2. Numerical Stability: Computer arithmetic uses finite precision (floating-point numbers). The process of computing an inverse can sometimes amplify small precision errors present in the matrix $A$. Direct solving methods are often engineered to minimize the accumulation of such errors, leading to more accurate solutions.

For these reasons, libraries like NumPy and SciPy offer functions such as np.linalg.solve(A, b). This function solves $Ax=b$ for $x$ directly, typically using an efficient and stable underlying algorithm (like LU decomposition). It avoids computing the full inverse $A^{-1}$.

# Example using np.linalg.solve (generally preferred)
try:
    x_solve = np.linalg.solve(A, b)
    print("\nSolution using np.linalg.solve(A, b):")
    print(x_solve)
    print(f"Is solution from solve() close to b? {np.allclose(A @ x_solve, b)}")
except np.linalg.LinAlgError:
    print("\nMatrix A is singular. Cannot solve using np.linalg.solve.")

Output of the np.linalg.solve example:

Solution using np.linalg.solve(A, b):
[[1.]
 [2.]]
Is solution from solve() close to b? True

You should generally prefer np.linalg.solve(A, b) over np.linalg.inv(A) @ b when your primary goal is just to find the solution vector $x$.

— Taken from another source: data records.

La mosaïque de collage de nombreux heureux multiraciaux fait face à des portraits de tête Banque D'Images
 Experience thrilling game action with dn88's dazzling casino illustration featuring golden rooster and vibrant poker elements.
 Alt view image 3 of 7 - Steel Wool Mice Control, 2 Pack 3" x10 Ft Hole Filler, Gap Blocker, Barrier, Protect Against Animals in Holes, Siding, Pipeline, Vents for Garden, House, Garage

However, understanding the inverse method remains essential. It provides fundamental theoretical insight into linear systems, appears in many analytical derivations (for instance, in the derivation of the Normal Equations for linear regression), and is perfectly suitable for smaller systems or situations where the inverse matrix $A^{-1}$ itself is needed for further analysis.